Some of that consultation must concern itself with the prompt payment of attorneys’ fees. All too often a long silence from the client is followed by a notice of bankruptcy which leaves your firm (now known as an unsecured creditor) with one or more months of unpaid invoices, not to mention the loss of future business.
Second, a good offense is the best defense. One or two large clients should not dominate the firm’s income statement. Vulnerability to shifts in the client’s perception of the firm, to economic distress in the client’s industry has to be measured and monitored. A firm largely dependent on one industry or on one or two clients should concentrate its marketing efforts on diversification and upgrading the next lower tier of clients.
Personal Impact
Assuming that, despite best efforts, the firm is now facing a significant revenue loss, partners’ reactions will run the gamut from disbelief and denial to hasty action. Commonly, all partners will realize that their personal incomes and future plans will be altered and that their families may be impacted. For those attorneys who worked closely with the client there may be a loss or change in friendships. If the client left for another firm, attorneys many feel a loss of self-esteem or firm prestige. Then, if staff have to be let go another difficult scene is in store.
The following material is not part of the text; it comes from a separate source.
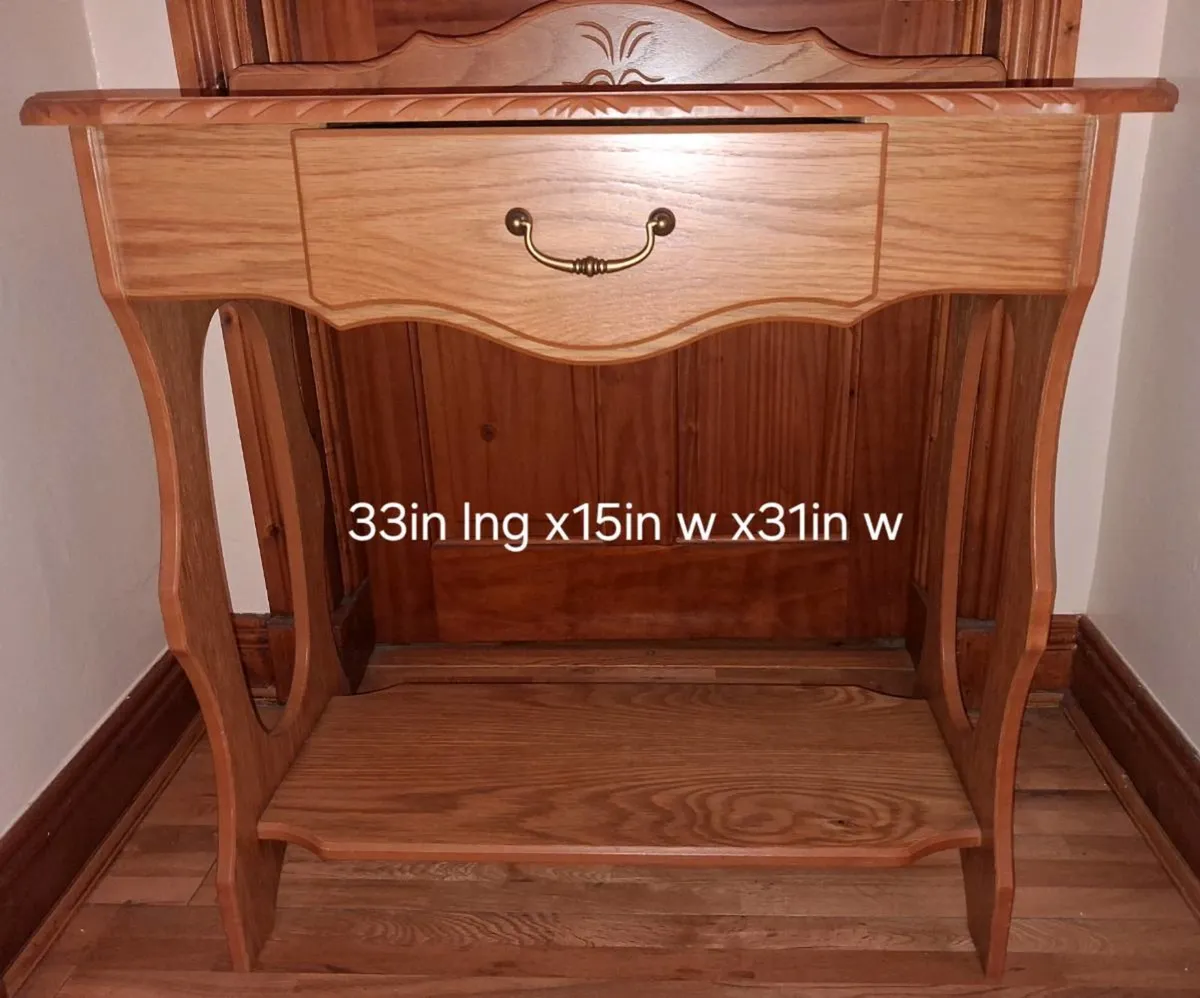 Pine console table - Image 1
A more serious impact may impend if a great deal of income has been lost and one or more partners have been idled by the client’s departure. The still fully employed partners will be faced with the need to “carry” those partners for a period of time while they regroup. The strain on partner relations can be tremendous and considerations of splitting off can loom.
Business Impact
Dealing with the loss of a major piece of business can be handled either positively or negatively. Staff can be given the impression that the firm is crippled or that new avenues of opportunity are opening up.
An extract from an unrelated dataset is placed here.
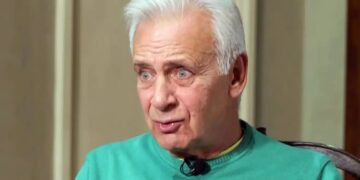 Αλέξανδρος Αντωνόπουλος: «Το πρώτο πράγμα που μου λέω όταν ξυπνάω είναι “είσαι ακόμα ζωντανός, ελπίζω να είσαι και την υπόλοιπη μέρα”»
The first step then is communication within the firm. Everyone who may be affected (ranging from termination to the possibility of small raises this year) needs to be told what has happened and how the firm expects to deal with the loss. Knowing that the office grapevine went into operation moments after the event, the firm’s management must immediately begin planning and then communicate those plans to the affected staff so that the wrong people don’t begin work on their resumes.
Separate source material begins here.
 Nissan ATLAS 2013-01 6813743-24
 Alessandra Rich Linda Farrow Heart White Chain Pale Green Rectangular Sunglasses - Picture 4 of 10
Plans can take essentially two forms—contraction or business development.
The first reaction of partners may be to cut staff in order to alleviate the strain on their personal incomes. Another motive is the opportunity presented to go back to “the old days” when the firm was small and open collared. Issues under the contraction scenario range around which staff members to let go. The principal thrust should be to retain and re-train good staff members (associates, paralegals, and secretaries) and eliminate marginally productive people. This is also a good time to ask for new levels of billable hour productivity or administrative involvement from partners and staff. As Kotter says in Leading Change what can truly bring about positive change is a good crisis.[1] Do not reduce the ratio of support staff to attorneys too drastically. Also be careful of laying-off paralegals and asking attorneys to do that work (and clients to pay for it at higher billing rates). The associates on staff were hard won through extensive recruiting and training efforts and their career futures need to be safeguarded to the extent possible. At the same time associates will recognize that the specialization they were burning midnight oil to master may now be diluted and that advancement may be slower for the foreseeable future.
In short, contraction of the firm needs to be dealt with through open communications of realistic expectations on everyone’s part.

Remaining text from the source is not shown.